Background and aims
Phenological variations in tropical forests are usually explained by climate. Nevertheless, considering that soil water availability and nutrient content also influence plant water status and metabolism, soil conditions may also be important in the regulation of plant reproductive and vegetative activities over time. We investigated whether phenological patterns and stem growth differ in trees growing in two types of soil that display contrasting water and nutrient availability, namely, Gleysol (moist and nutrient-poor) and Cambisol (drier and nutrient-rich).
Phenological observations (flushing, leaf fall, flowering and fruiting) and stem diameter growth were recorded for 120 trees fitted with fixed dendrometer bands, at 15 days intervals, for 1 year.
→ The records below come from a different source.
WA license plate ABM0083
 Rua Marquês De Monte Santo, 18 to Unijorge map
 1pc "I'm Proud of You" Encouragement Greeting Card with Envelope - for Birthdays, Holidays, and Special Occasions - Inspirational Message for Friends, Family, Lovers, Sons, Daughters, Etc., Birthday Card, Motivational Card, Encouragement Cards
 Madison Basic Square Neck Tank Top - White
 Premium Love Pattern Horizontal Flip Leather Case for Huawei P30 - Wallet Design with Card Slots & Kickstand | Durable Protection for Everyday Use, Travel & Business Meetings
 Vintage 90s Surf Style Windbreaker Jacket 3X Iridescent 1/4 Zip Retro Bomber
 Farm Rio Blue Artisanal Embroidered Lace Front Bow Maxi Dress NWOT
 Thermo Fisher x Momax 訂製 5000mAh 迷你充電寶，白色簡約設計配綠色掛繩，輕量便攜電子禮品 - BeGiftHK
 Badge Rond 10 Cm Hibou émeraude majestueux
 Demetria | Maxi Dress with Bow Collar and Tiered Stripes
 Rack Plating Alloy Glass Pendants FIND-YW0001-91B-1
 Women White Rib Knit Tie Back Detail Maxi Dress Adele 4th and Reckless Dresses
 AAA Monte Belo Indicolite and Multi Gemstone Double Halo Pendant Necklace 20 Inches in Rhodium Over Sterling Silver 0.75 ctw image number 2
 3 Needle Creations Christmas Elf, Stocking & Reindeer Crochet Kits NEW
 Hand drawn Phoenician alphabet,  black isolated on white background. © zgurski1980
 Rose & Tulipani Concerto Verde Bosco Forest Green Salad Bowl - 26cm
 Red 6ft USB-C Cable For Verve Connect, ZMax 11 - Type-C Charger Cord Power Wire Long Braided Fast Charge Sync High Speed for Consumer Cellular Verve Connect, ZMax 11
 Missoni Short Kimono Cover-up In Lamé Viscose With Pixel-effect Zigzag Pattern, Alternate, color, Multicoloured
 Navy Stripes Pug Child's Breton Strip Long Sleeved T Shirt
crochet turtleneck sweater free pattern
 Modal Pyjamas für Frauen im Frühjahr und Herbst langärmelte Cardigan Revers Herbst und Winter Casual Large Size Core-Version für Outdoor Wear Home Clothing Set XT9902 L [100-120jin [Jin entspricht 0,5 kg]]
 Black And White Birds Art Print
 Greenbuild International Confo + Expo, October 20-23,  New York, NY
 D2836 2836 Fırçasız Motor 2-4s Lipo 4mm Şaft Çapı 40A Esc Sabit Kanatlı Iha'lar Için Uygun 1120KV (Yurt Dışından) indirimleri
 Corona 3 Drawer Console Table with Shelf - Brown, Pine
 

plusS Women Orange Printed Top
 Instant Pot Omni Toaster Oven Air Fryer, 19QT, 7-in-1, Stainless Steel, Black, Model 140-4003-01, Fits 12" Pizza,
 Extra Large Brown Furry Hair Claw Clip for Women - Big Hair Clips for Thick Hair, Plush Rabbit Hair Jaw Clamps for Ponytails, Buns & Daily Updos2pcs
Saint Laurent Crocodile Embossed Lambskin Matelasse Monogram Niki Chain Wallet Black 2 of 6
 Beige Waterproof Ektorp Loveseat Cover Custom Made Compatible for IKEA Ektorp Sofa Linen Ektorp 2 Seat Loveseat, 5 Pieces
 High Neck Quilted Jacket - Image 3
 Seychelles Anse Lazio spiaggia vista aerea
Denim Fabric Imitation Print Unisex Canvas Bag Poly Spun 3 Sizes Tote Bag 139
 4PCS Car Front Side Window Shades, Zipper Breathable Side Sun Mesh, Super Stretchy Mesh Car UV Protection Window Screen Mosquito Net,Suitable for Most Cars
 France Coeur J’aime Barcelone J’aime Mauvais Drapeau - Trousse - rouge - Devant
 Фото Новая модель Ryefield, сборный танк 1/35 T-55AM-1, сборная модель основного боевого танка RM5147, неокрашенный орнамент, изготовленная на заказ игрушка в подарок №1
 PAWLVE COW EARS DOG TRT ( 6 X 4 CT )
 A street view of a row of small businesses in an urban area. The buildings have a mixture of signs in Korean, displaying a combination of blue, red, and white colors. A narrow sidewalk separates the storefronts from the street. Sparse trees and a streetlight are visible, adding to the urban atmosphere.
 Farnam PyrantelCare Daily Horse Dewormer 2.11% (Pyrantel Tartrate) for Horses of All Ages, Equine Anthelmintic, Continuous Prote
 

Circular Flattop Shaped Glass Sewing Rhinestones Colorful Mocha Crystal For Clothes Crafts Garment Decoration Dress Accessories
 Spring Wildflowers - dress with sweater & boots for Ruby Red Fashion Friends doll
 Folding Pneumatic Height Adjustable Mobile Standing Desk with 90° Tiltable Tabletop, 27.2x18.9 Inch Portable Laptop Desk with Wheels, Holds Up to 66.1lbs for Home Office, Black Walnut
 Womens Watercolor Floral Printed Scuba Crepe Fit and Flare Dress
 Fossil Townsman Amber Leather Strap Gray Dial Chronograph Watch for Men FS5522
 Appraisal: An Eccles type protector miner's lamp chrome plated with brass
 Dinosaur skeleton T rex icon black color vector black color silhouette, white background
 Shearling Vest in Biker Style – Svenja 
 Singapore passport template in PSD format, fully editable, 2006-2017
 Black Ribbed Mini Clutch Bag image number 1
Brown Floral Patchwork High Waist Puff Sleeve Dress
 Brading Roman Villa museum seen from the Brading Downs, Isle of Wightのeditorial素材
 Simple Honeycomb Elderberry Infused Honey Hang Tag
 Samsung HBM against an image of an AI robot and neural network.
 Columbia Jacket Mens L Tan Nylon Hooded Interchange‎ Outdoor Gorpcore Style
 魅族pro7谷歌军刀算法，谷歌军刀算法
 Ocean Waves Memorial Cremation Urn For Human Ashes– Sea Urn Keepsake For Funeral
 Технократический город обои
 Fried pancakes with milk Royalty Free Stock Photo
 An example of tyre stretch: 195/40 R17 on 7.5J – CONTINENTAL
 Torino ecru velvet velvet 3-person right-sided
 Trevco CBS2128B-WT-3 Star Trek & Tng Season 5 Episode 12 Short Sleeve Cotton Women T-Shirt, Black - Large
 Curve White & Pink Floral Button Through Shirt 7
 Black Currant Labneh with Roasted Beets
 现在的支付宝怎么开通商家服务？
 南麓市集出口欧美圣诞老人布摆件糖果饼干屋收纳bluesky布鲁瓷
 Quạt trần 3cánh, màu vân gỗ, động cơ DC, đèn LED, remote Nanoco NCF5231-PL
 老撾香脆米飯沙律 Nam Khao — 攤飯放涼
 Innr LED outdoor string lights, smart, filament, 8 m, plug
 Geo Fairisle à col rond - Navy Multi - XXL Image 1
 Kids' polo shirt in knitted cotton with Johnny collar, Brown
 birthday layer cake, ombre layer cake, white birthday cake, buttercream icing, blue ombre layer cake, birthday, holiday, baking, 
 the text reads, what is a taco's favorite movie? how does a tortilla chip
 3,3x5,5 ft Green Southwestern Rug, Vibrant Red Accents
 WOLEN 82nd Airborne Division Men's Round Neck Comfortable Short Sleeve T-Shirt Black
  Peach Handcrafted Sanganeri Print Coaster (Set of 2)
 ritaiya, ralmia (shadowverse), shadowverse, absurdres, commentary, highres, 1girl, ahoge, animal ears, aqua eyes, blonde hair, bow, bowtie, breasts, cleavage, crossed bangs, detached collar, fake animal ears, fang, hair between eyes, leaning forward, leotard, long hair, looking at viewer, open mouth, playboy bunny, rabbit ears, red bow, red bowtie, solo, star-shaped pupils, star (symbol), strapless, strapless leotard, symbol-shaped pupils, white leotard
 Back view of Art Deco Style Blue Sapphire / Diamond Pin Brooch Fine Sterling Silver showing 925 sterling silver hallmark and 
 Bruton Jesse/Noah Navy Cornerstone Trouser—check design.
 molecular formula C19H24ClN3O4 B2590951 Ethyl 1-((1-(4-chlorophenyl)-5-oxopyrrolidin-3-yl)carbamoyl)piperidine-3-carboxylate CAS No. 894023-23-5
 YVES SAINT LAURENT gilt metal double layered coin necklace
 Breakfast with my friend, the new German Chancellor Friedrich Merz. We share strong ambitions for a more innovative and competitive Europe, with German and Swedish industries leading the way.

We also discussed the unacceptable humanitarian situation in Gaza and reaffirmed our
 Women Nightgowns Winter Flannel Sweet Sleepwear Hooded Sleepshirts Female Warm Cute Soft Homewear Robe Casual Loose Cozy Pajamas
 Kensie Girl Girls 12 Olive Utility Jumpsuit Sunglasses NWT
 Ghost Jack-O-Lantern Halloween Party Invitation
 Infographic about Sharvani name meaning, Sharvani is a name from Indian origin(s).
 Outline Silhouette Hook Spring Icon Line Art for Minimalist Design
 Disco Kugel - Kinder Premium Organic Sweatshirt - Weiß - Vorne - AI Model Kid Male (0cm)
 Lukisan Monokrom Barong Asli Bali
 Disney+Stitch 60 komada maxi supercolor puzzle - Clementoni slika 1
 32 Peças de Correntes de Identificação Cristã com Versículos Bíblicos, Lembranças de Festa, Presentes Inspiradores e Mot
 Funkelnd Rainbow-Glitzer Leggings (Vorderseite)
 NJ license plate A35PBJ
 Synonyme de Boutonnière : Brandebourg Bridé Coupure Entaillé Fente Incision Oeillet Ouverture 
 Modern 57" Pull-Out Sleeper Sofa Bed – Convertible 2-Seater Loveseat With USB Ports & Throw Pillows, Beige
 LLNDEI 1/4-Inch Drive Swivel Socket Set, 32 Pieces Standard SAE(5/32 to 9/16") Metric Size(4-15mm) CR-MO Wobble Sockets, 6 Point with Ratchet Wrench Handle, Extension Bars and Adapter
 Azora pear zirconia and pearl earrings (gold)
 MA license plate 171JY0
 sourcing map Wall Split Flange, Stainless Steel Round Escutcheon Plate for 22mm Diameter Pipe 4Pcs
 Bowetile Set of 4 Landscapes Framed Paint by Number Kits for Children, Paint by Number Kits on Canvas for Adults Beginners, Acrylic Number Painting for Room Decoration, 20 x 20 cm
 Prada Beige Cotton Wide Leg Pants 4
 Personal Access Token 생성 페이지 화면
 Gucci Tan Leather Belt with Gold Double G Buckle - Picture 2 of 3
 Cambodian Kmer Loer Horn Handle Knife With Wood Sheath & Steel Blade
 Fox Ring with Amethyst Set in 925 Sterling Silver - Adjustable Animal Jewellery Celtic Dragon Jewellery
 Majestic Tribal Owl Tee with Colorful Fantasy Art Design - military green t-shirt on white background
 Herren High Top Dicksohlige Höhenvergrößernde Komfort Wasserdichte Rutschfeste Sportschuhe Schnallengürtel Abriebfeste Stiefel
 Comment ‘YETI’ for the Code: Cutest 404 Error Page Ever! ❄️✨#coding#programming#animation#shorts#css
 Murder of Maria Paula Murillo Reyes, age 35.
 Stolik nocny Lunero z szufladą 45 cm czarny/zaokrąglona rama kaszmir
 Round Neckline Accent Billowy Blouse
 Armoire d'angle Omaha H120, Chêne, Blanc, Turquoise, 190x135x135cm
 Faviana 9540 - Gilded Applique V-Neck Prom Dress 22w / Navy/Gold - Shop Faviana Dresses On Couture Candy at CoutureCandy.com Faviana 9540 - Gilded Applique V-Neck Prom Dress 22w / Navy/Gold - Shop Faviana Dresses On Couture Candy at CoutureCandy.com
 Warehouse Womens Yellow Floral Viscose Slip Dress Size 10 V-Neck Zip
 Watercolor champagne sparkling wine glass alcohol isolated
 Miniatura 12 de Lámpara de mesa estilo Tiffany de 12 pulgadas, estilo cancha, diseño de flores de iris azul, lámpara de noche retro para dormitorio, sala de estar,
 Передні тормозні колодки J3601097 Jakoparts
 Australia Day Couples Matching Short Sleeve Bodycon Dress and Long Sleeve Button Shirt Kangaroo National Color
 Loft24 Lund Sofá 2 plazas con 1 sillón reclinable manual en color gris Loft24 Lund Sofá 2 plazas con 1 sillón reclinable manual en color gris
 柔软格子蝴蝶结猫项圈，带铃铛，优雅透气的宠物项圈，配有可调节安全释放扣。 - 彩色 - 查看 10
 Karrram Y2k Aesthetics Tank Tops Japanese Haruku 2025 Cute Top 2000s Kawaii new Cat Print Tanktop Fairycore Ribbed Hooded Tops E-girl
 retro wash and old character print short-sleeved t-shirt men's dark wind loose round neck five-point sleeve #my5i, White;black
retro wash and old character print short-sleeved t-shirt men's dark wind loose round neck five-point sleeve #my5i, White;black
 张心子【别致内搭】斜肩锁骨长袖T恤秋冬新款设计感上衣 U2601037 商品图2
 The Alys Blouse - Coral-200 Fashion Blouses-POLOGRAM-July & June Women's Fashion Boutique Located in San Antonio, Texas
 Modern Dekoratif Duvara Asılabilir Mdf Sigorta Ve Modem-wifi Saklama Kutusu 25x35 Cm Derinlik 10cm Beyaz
Two species of contrasting deciduousness were investigated: Senna multijuga (semi-deciduous) and Citharexylum myrianthum (deciduous).
Both species were seasonal in all phenophases, regardless of soil type. However, frequency, mean date and intensity of phenophases varied according to soil type. Girth increment of C. myrianthum was four times greater in Cambisol than in Gleysol, whereas the type of soil had no significant effect on that of S. multijuga.
These results show that soil characteristics also play an important role in determining phenological patterns and growth and must be considered when analysing phenological patterns in tropical forests.